I've had a bit of experience with unit testing before, in what I call (not pejoratively) the classic software engineering project: an MVC, with a user GUI, a database, business logic in the middle layer, etc. Now I'm writing a scientific computing library in C# (yeah, I know the C# is too slow, use C, don't reinvent the wheel, and all of that, but we have a lot of people doing scientific computation in my faculty in C#, and we sort of need it). It's a small project, in terms of the software development industry, because I'm writing it mostly by myself, and from time to time with help of a few colleagues. Also, I don't get paid for it, and most important, is an academic project. I mean, I expect it to have professional quality some day, because I'm planning on going open source, and hopefully with enough time it will grow a community of developers.
Anyway, the project is getting big (around 18,000 lines of code, which I think is big for a one man's project), and its getting out of my hands. I'm using git for source control, and I think I got pretty all right, but I'm testing like old school, I mean, writing full console applications that test a big part of the system, mainly because I have no idea how to do unit testing in this scenario, although I feel that is what I should be doing. The problem is that the library contains mostly algorithms, for instance, graph algorithms, classifiers, numerical solvers, random distributions, etc. I just don't know how to specify tiny test cases for each of these algorithms, and since many of them are stochastic I don't know how to validate correctness. For classification, for instance, are some metrics like precision and recall, but these metrics are better for comparing two algorithms than for judging a single algorithm. So, how can I define correctness here?

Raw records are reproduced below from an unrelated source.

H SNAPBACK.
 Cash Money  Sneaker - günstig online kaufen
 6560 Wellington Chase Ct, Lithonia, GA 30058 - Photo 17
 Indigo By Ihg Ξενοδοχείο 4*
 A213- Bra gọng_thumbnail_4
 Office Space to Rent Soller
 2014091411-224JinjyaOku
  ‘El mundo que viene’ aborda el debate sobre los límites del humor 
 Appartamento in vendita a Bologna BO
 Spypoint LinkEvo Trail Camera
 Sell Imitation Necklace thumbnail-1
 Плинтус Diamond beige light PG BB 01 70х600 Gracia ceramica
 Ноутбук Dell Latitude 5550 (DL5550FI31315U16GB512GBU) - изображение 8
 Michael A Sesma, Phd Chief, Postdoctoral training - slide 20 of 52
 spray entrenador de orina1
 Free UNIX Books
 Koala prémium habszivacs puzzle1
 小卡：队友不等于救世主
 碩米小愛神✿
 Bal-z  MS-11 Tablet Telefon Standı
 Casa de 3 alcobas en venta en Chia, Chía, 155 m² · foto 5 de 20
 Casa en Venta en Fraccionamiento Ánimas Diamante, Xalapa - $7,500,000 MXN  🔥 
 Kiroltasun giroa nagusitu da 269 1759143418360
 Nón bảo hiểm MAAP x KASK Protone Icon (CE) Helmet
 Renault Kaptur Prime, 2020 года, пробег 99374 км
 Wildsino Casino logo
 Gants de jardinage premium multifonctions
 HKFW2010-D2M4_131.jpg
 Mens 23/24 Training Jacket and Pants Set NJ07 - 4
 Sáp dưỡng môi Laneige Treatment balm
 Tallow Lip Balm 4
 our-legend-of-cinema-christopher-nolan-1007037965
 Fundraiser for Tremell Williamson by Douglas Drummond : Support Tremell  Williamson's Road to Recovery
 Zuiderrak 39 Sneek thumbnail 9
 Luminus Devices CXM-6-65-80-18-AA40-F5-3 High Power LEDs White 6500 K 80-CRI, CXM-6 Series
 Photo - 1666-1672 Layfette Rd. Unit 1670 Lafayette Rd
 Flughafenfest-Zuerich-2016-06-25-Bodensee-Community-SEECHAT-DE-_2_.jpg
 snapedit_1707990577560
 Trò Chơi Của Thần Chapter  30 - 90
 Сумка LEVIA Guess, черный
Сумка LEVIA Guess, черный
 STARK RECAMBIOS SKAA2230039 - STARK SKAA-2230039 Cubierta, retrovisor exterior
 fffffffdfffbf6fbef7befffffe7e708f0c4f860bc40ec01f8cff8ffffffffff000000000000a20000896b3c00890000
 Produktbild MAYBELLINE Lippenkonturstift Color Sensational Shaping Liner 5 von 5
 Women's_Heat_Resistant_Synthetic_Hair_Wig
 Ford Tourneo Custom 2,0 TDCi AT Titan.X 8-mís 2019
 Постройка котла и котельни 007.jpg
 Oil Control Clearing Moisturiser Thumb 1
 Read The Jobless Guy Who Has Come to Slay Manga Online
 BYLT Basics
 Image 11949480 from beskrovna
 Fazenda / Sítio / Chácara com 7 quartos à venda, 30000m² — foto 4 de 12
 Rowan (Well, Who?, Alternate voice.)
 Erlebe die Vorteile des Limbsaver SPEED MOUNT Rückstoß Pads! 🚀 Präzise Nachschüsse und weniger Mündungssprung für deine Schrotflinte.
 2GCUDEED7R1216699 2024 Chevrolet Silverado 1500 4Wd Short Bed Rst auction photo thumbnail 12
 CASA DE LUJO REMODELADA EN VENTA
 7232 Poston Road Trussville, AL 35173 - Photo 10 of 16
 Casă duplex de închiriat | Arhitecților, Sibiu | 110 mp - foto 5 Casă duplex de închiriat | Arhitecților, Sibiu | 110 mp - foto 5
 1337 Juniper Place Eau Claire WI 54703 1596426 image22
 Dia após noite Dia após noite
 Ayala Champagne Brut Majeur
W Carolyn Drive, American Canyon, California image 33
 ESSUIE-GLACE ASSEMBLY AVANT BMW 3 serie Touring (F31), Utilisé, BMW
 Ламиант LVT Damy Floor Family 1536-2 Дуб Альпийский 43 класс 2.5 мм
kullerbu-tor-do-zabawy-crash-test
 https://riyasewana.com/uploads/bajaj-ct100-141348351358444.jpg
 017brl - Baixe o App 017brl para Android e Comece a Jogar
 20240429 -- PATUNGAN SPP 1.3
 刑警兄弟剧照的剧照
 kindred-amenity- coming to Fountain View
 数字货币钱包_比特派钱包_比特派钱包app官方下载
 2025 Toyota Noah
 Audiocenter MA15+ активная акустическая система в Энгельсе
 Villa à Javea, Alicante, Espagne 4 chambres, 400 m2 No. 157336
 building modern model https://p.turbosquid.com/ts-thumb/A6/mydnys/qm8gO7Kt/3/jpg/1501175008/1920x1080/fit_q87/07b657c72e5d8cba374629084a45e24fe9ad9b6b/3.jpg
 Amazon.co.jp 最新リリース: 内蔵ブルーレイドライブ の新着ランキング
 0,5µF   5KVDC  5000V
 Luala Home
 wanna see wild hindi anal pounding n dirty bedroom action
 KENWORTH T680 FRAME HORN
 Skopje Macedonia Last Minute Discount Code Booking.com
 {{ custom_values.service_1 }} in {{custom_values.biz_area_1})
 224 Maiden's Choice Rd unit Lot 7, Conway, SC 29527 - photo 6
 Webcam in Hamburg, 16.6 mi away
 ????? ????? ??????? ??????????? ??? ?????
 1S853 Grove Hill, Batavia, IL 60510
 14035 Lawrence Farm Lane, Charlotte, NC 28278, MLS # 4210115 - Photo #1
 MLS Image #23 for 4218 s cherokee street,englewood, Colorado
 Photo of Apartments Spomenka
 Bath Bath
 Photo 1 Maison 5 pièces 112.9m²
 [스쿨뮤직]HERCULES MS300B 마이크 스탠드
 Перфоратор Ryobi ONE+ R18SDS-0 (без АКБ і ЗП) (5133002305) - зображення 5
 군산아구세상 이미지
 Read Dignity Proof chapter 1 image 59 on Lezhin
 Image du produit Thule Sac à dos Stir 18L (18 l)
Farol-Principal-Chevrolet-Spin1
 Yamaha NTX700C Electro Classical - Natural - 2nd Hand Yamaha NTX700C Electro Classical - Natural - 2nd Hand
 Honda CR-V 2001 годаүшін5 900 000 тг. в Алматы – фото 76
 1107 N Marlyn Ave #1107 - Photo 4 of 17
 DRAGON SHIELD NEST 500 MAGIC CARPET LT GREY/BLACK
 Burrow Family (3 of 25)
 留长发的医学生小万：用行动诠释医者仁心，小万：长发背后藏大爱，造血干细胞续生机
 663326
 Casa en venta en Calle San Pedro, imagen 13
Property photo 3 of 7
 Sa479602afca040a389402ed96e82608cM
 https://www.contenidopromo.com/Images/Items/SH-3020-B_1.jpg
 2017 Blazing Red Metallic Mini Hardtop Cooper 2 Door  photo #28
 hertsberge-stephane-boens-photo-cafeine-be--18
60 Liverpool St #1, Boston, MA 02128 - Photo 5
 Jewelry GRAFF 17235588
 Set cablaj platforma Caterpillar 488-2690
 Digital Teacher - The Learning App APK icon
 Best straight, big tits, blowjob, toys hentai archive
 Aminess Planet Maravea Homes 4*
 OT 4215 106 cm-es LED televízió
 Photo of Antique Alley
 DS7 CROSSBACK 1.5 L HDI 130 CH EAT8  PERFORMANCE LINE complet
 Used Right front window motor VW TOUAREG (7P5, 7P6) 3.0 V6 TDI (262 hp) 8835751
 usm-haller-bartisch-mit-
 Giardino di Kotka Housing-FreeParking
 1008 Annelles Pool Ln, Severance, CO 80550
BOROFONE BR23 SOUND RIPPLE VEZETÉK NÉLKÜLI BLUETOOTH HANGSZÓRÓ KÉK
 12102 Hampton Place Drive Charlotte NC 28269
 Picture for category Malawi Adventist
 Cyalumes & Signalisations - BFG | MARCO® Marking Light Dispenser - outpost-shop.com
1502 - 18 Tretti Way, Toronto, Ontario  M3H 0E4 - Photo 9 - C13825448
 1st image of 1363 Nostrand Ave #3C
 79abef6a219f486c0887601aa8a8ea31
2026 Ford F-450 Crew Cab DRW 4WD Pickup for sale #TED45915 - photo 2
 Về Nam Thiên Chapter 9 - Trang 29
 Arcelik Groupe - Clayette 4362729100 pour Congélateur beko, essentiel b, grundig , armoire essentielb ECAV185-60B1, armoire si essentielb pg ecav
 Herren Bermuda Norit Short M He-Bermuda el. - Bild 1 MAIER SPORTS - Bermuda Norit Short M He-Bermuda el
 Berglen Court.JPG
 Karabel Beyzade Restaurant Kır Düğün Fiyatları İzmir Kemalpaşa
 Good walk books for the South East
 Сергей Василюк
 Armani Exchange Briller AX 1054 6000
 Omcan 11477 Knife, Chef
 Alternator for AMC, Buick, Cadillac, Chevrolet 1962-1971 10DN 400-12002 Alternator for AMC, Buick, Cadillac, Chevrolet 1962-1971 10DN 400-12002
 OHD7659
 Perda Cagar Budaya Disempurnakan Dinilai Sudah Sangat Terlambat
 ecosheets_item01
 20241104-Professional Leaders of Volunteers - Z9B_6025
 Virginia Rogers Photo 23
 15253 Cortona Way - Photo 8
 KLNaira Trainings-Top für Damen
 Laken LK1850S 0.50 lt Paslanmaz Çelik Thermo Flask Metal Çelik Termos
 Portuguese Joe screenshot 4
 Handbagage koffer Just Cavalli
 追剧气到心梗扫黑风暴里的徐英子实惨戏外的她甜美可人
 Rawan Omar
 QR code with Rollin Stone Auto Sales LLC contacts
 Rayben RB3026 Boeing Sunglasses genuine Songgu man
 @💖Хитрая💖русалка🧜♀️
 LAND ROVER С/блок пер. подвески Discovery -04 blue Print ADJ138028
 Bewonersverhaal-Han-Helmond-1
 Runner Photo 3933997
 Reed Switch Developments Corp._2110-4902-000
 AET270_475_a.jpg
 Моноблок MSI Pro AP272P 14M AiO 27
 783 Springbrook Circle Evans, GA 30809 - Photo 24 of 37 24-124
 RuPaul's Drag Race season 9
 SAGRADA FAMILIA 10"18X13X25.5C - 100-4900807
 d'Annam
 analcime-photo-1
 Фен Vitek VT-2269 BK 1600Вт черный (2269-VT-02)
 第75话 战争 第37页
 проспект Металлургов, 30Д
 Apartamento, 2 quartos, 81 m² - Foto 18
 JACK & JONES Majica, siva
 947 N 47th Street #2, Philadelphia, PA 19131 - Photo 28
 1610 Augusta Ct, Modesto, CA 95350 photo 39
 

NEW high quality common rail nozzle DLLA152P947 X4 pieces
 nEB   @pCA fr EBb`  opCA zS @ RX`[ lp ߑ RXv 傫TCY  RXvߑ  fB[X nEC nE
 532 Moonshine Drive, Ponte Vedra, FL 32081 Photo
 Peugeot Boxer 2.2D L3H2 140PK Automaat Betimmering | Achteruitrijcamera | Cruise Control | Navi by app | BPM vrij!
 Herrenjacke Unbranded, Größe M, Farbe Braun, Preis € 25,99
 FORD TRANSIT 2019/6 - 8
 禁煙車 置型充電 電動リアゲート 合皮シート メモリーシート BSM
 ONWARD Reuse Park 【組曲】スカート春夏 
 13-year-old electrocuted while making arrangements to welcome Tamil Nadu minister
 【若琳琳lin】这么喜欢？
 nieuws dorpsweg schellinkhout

Finally there is also the problem of performance. I know its a whole different set of tests, but performance is one of the important features of a scientific tools, rather than user satisfaction, or other software engineering metrics.
One of my biggest problems is with data structures. The only test I can come up for a kd-tree is a stress test: insert a lot of random vectors and then perform a lot of random queries, and compare against a naive linear search. The same for performance. And with numerical optimizers, I have benchmark functions which I can test, but then again, this is a stress test. I don't think these tests can be classified as unit tests, and most important, run continuously, since most of them are rather heavy. But I also think that these tests need to be done, I can't just insert two elements, pop the root, and yes, it works for the 0-1-n case.
So, what, if any, is the (unit) testing approach for this kind of software? And how do I organize the unit tests and the heavy ones around the code-build-commit-integrate cycle?